IMPLEMENTING PARTNER: People’s Rural Education Movement (PREM)
YEARS: 2009-2010
THEMES: Social Saftey Nets

Reports indicate that amounts of up to 75% of all funds allocated to social safety net programs are embezzled by corrupt government officials in India every year. The ‘People’s Rural Education Movement’ (PREM), a local CSO in Odisha State, India, decided to implement a Citizens Against Corruption (CAC) project in 12 Gram Pachayats (GPs) of Nuagad Block in the Gajapati District. The project’s name was ’Reduction of corruption in NREGA, FRA and PDS in Nuagad Block’.

The project succeeded in preparing the ground for citizen monitors and community based organizations (CBOs) to further hold government officials to account. It also realized significant progress in fighting corruption in the three targeted social safety net schemes. A second phase of the project is currently underway.

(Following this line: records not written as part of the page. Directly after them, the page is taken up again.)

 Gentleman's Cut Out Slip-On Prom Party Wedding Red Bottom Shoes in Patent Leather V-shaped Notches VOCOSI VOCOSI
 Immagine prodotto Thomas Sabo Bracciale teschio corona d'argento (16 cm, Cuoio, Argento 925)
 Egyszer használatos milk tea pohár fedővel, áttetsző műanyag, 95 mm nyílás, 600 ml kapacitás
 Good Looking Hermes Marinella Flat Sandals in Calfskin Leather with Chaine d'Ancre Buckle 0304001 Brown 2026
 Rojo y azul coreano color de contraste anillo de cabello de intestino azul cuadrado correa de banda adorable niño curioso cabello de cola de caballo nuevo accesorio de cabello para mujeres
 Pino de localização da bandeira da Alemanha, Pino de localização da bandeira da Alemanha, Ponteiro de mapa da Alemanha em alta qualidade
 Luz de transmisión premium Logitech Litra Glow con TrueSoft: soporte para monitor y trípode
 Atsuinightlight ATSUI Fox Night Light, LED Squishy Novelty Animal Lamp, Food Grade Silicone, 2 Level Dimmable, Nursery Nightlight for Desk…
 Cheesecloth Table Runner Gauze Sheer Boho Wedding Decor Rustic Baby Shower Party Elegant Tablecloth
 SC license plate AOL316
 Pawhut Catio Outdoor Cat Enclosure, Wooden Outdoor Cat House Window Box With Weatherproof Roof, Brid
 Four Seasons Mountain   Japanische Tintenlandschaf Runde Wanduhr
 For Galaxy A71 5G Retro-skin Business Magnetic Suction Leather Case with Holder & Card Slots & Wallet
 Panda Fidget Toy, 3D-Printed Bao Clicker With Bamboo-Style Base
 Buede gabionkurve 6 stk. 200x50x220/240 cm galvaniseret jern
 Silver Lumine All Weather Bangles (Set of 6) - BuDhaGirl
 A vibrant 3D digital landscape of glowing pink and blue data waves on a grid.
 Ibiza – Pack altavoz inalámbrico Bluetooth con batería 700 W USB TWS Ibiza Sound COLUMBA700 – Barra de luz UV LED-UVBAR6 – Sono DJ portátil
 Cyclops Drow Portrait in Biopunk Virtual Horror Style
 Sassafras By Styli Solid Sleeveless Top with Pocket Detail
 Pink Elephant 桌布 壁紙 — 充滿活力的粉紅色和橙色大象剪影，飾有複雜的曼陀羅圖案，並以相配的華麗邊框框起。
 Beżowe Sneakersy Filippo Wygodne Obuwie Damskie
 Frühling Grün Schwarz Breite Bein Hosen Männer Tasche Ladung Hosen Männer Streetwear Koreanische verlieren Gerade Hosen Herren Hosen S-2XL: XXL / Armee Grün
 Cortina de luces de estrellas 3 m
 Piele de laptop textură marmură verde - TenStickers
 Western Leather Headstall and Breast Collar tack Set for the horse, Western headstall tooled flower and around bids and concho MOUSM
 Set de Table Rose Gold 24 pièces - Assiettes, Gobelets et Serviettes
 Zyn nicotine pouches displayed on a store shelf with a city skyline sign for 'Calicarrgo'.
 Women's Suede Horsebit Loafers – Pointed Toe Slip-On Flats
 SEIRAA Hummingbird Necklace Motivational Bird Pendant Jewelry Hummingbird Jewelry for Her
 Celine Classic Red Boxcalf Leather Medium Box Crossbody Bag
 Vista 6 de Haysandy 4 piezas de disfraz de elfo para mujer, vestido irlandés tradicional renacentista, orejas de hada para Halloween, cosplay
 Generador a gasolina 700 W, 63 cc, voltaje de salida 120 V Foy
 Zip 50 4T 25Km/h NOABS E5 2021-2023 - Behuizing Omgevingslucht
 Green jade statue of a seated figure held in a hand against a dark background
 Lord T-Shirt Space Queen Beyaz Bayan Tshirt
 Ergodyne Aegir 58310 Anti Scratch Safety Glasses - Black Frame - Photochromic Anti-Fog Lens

Corruption Problem Addressed
A high level of corruption in public service delivery often correlates with equally high levels of mass poverty, illiteracy and under-development in other areas. Institutionalized corruption and the inability of politicians to curb corruption is a serious challenge holding India back in its efforts to eradicate poverty. It is precisely low-income households that are affected most severely by corruption, mismanagement and misuse of public resources that should otherwise guarantee local service delivery, spurring economic growth and greater equity.

The prevalence of corruption in Nuagad Block, is reflected in the statistics on various welfare schemes such as the ‘National Rural Employment Guarantee Act’ (NREGA), the ‘Forest Rights Act’ (FRA) and the ‘Public Distribution System’ (PDS). A study by the ‘National Institute of Rural Development’ (NIRD), Hyderabad, and the ‘Centre for Environment and Food Security’ (CEFS), New Delhi, on corruption in the implementation of NREGA in Odisha, found that 75% of the total of all allocated funds were misappropriated by corrupt government officials and middlemen in the financial year 2007/2008. Perpetrators are commonly identified as local level officials who act in collusion with middlemen, contractors, bank officials and Block level employees.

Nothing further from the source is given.